In case of GGE biplot analysis, the length of an environmental vector is proportional to its standard deviation from other environments and it determines the discriminating ability of an environment7. Among the nineteen environments, Lokbharti and Amreli were found to be consistently discriminative. Unique information on the genotypic performance can be attained from such environments. Environment whose coordinates have smallest angle with Average-Environment Axis (AEA) is considered to be the most representative environment. In the current study, Almora and Mojhera were found to be representative environments, consistently over the years. Environments which are both discriminating and representative are suitable for breeding and selection for wider adaptability. In the current study, Imphal, Bidar and Raipur were found to be both discriminative and representative. Lokbharti was found to be discriminative but non-representative across three years. Such locations can be employed in breeding for specific adaptation and are helpful in identification and culling-out of unstable genotypes7. Same information can be obtained from few locations if many of them are closely related. Hence identifying consistently similar environments will help in prioritizing the location choice in multi-location testing (MLT thereby reducing the cost of MLT16,21. Consistently high-yielding locations such as Pune and Amreli can be employed in estimating the fullest yielding potential of newly released varieties and seed production to meet the farmer’s seed demand.

Conclusion

Soybean grain yield is significantly influenced by environmental effects and Genotype × Environment intreactions.

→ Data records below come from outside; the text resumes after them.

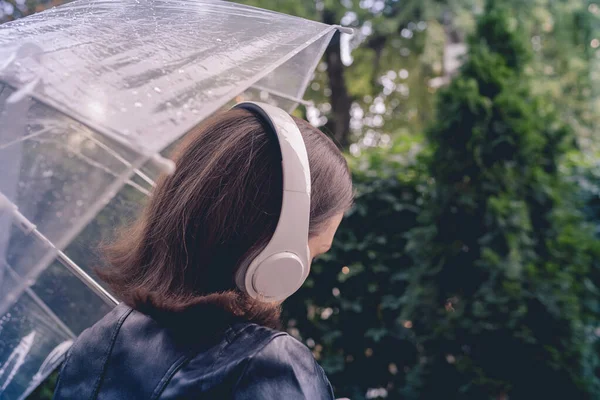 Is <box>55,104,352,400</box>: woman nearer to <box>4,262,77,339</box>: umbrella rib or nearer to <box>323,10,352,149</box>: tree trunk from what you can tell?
<box>4,262,77,339</box>: umbrella rib

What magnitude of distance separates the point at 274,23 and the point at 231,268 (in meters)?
0.77

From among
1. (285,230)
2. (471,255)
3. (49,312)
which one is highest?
(285,230)

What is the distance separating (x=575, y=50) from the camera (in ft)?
37.5

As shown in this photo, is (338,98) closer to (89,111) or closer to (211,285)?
(211,285)

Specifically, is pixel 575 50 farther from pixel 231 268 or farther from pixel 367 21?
pixel 231 268

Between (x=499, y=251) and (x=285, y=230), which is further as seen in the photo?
(x=499, y=251)

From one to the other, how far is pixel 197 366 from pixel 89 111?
522 mm

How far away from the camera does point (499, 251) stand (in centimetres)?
300

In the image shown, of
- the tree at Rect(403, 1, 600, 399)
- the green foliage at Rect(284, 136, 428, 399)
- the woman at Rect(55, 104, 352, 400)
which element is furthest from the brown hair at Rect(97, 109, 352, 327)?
the green foliage at Rect(284, 136, 428, 399)

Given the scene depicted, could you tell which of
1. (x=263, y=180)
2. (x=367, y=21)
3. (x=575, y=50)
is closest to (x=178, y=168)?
(x=263, y=180)

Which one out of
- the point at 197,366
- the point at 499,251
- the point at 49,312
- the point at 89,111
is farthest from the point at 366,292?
the point at 89,111

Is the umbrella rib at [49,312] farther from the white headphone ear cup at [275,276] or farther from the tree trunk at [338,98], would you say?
the tree trunk at [338,98]

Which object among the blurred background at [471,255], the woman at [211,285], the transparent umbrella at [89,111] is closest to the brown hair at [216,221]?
the woman at [211,285]

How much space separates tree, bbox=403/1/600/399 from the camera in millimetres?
2893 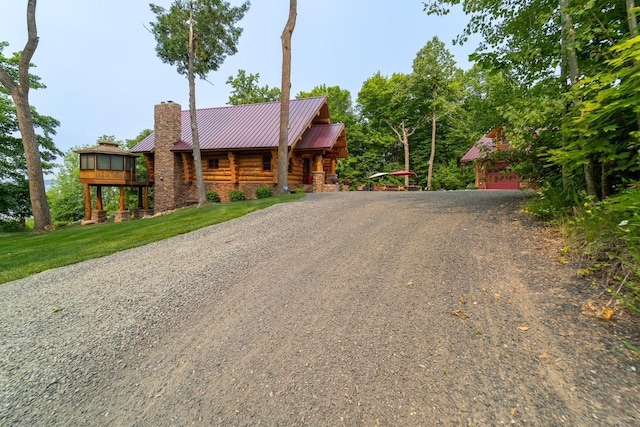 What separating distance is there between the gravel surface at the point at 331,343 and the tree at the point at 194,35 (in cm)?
1243

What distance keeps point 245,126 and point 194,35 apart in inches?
206

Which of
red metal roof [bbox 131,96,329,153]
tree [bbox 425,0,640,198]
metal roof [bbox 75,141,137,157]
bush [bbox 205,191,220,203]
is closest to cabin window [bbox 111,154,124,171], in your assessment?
metal roof [bbox 75,141,137,157]

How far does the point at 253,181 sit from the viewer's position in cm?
1766

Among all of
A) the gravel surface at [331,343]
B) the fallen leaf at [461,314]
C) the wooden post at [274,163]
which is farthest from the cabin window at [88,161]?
the fallen leaf at [461,314]

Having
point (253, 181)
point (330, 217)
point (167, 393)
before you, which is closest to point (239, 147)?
point (253, 181)

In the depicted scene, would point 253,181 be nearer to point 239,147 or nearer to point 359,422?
point 239,147

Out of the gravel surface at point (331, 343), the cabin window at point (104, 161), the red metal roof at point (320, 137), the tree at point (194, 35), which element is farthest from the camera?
the cabin window at point (104, 161)

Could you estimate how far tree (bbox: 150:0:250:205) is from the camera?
15219mm

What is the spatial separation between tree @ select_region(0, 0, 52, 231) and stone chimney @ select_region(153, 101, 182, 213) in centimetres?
517

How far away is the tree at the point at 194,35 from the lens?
15.2 metres

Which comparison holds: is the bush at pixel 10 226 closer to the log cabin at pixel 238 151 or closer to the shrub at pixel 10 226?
the shrub at pixel 10 226

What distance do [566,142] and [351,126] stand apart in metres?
31.4

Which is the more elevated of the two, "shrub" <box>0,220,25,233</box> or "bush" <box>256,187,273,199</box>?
"bush" <box>256,187,273,199</box>

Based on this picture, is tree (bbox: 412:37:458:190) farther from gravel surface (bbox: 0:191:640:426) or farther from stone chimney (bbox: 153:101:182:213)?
gravel surface (bbox: 0:191:640:426) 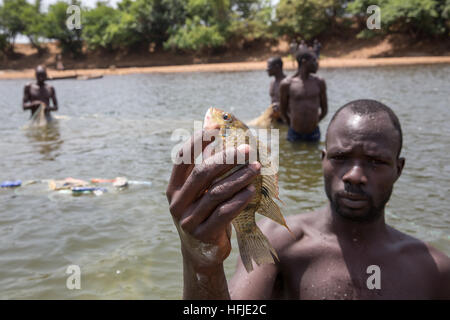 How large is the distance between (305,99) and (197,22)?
40894 mm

In the current study, through envirotyping and GGE biplot methods, nineteen locations across India were grouped into four mega-environments: ME1 included five locations viz., Bengaluru, Pune, Dharwad, Kasbe Digraj and Umiam. Eight locations—Anand, Amreli, Lokbharti, Bidar, Parbhani, Ranchi, Bhawanipatna and Raipur were included in ME2. Kota and Morena constitutes ME3, while Palampur, Imphal, Mojhera and Almora were included in ME4. It was found that many locations which are geographically apart and agro-ecologically different, yielded similar information and were included in the same mega-environment. This indicates the importance of other biological, biophysical and edaphic factors in environment-grouping. To develop specifically adapted varieties, breeding lines must be selected and evaluated at test locations within these mega-environments. Locations Imphal, Bidar and Raipur were found to be both discriminative and representative; these test locations can be utilized in developing wider adaptable soybean cultivars. High-yielding locations such as Pune and Amreli can be used in large scale breeder seed production. Principal Component Analysis (PCA) revealed that grain yield was positively associated with RH (Relative humidity at 2 m height), FRUE (Effect of temperature on radiation use efficiency), WSM (Wind speed at 2 m height) and RTA (Global solar radiation based on latitude and Julian day) and negatively associated with VPD (Deficit of vapour pressure), Trange (Daily temperature range), ETP (Evapotranspiration), SW (Insolation incident on a horizontal surface), n (Actual duration of sunshine) and N (Daylight hours).